Vertical power transmission scheme GTM ™  The current multiplier is placed under the processor to maximize the power transmission performance. The vertical power transmission (VPD) solution is also designed for solutions including higher I / O routing, on-board memory or tighter processor clusters, greatly reducing the number of peripheral device applications.
First, the vertical power supply scheme (VPD) should be in the area directly below the processor, which contains many high-frequency capacitors, which are necessary to decouple UHF current (> 10MHz) from the rest of the system. Secondly, in order to achieve maximum efficiency, the current output position and style of VPD solution must be consistent with the current input position and style mirror on the processor, so as to realize the real high current “vertical” power supply.
In order to realize these functions, VICOR VPD solution is an integration module composed of three layers: the lower layer is a gearbox and the middle layer is VTM ™  Current multiplier array, the upper layer is PRM ™  Voltage regulator, such three layers form a complete VPD solution, which we call DCM ™。 Gearbox performs two functions: one is to include high-frequency decoupling capacitor, and the other is to redistribute the current from VTM to form a mode consistent with the image of the processor above. The size of the VTM array depends on the input current requirements of the processor, and the size of the PRM depends on the total power demand. If the GPU or ASIC needs multiple power rails, the VTM layer and PRM layer can be realized by using independent PRM and VTM respectively, and their size can meet the current and voltage requirements of each specific rail.

Vicor DCM ™  It is a complete 48V to load VPD solution for ASIC clusters implemented in an advanced package.

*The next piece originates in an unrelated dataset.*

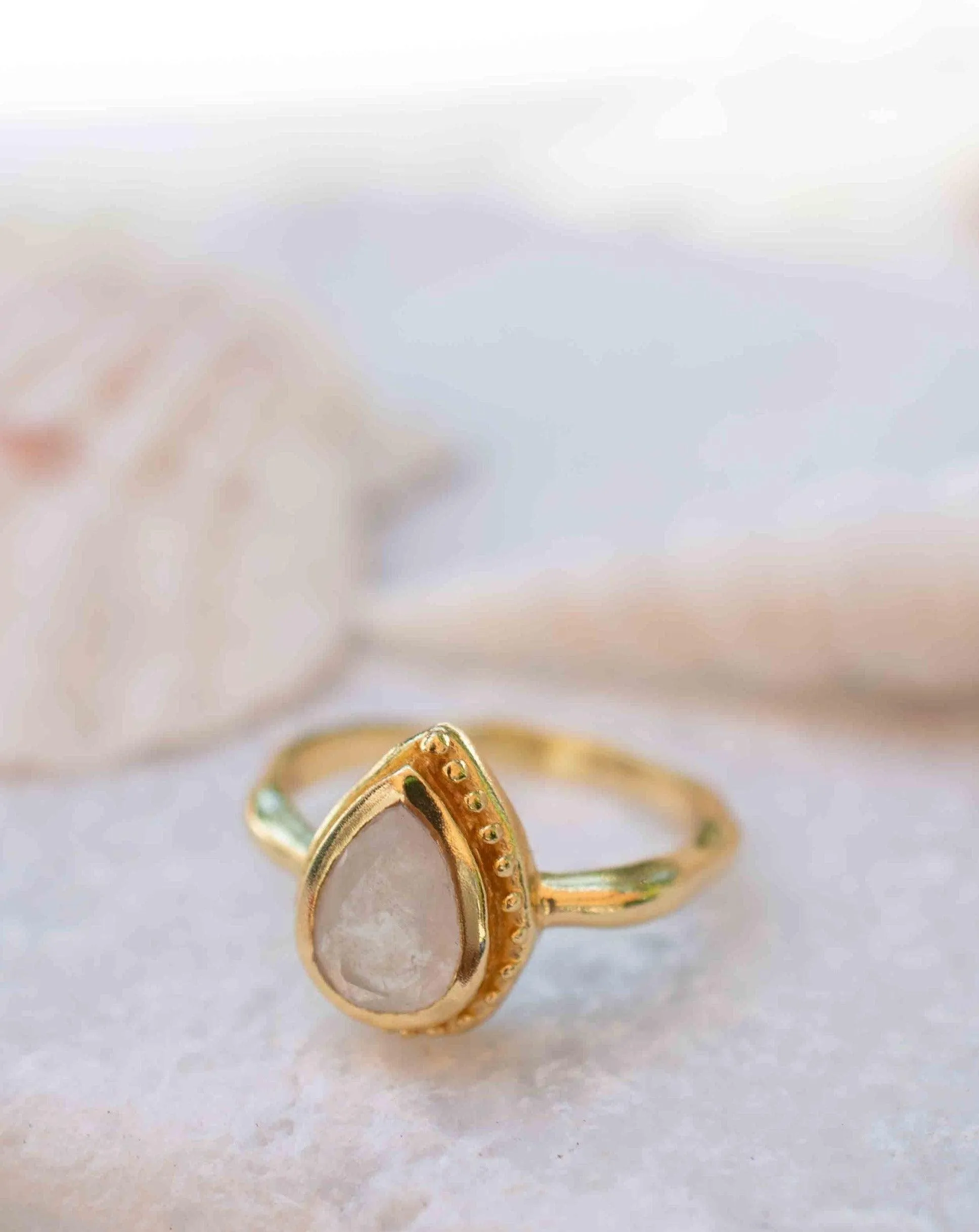 Rainbow Moonstone Tear Drop Ring ~ 18k Gold Plated ~ MR311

PRM ™、 VTM ™  And the gearbox layer of the module provide voltage stabilization, current multiplication, decoupling capacitance and pin to pin package matching.

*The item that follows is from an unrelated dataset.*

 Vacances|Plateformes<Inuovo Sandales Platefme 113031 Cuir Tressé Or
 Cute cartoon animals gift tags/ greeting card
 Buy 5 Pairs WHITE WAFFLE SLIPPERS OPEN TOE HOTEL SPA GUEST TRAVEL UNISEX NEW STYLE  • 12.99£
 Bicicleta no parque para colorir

Vicor FPA ™  Architecture, ZVS and ZCS control system, high frequency sac ™  Current multiplier topology and SM chip ™  Packaging technology provides all the elements to improve VPD. It solves the problem of low noise and cluster power transmission, and simplifies the mechanical design of cooling and thermal management with high efficiency and strong thermal adaptability. VPD solution allows processors to analyze high-speed and massive data through clusters, so as to improve the training model and improve machine learning to a significantly higher level, so as to become the real promoter of high-performance AI system.

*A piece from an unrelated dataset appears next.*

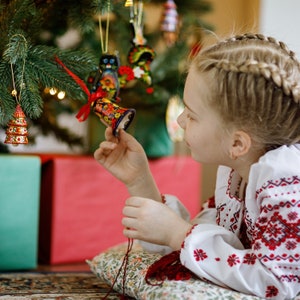 Unique handmade Christmas ornaments set of wood, Hand painted Christmas ball 5,5 cm openable and Christmas bell 6.5 cm decoration Ukrainian image 7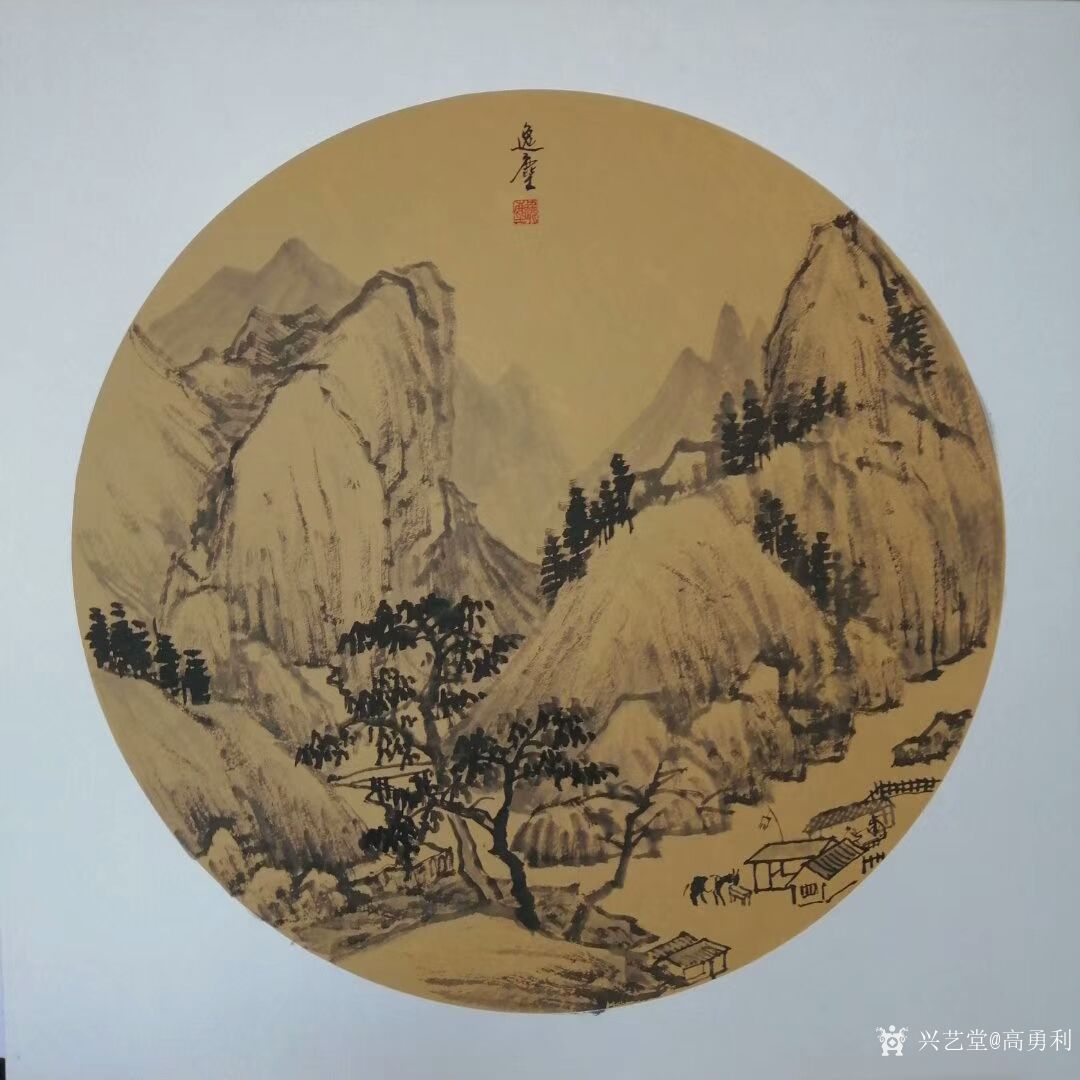 高勇利日记-国画山水画《仿古山水》系列作品4幅,材质:圆光卡纸,尺寸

Better ways to get high-performance computing power

AI and machine learning are in the primary stage of growth, and this train will only accelerate with the passage of years. This acceleration requires solutions that process more complex data faster. The new generation of supercomputers based on AI ASIC processors will require more power than traditional supercomputers. A new and innovative power transmission scheme is the only way for AI to realize its commitment. It requires the power system architecture, topology, control system and packaging to work together to meet the increasing high current demand. The vertical power supply scheme using current multiplier is the preferred solution. It is a proven and mature solution that can meet today’s demand for high-performance computing and can be easily expanded to keep up with future needs. It has compact structure and high efficiency, and can reduce the power loss of PDN by more than 50%.